Copy out all the lines of the data precisely, omitting any pictures.

** Opening Given information block **

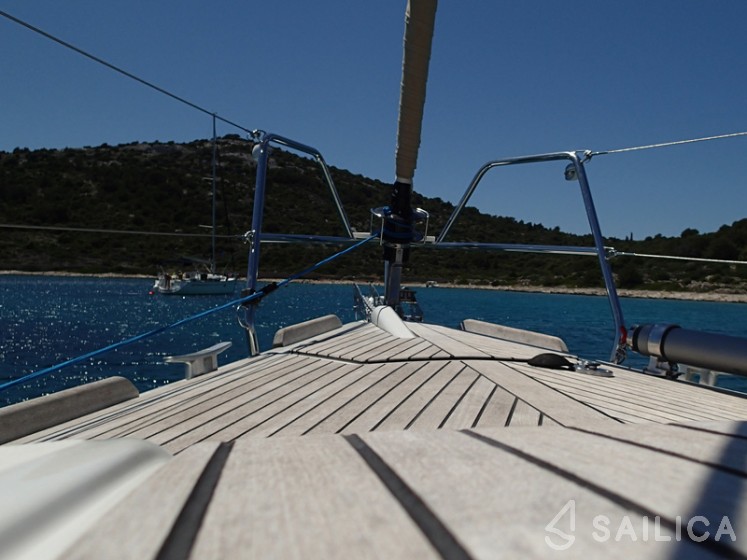 Dufour 375 Grand Large - Yacht Charter Sailica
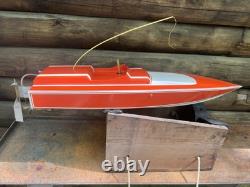 Bateau en bois vintage Dumas 'Deep Vee 21' Kit #1421 30Long K/B 3.5 de 1978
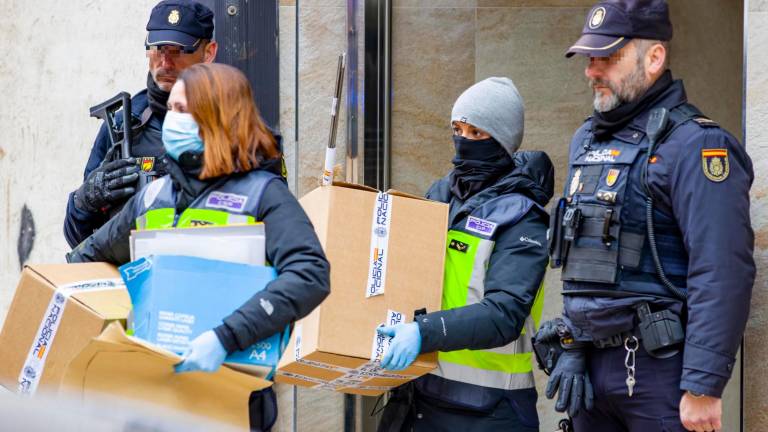 Los agentes han registrado el piso del presunto autor hasta primera hora de la tarde. FOTO: EFE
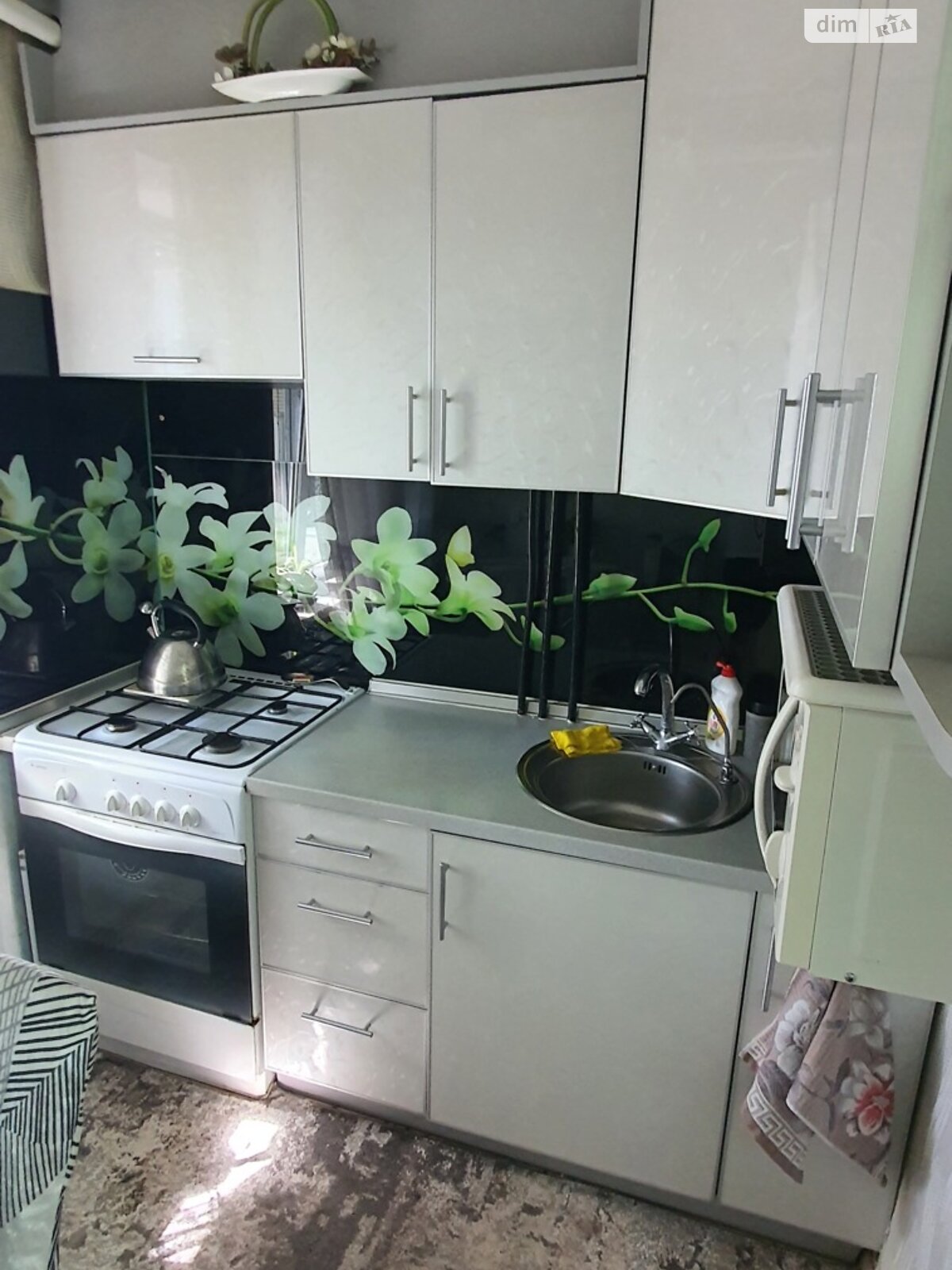 Продажа трехкомнатной квартиры в Запорожье, на ул. Почтовая 163, район Александровский (Жовтневый) фото 1 Продажа трехкомнатной квартиры в Запорожье, на ул. Почтовая 163, район Александровский (Жовтневый) фото 1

** Closing Given information block **

**Response to this exercise**
 Dufour 375 Grand Large - Yacht Charter Sailica
 Bateau en bois vintage Dumas 'Deep Vee 21' Kit #1421 30Long K/B 3.5 de 1978
 Los agentes han registrado el piso del presunto autor hasta primera hora de la tarde. FOTO: EFE
 Продажа трехкомнатной квартиры в Запорожье, на ул. Почтовая 163, район Александровский (Жовтневый) фото 1 Продажа трехкомнатной квартиры в Запорожье, на ул. Почтовая 163, район Александровский (Жовтневый) фото 1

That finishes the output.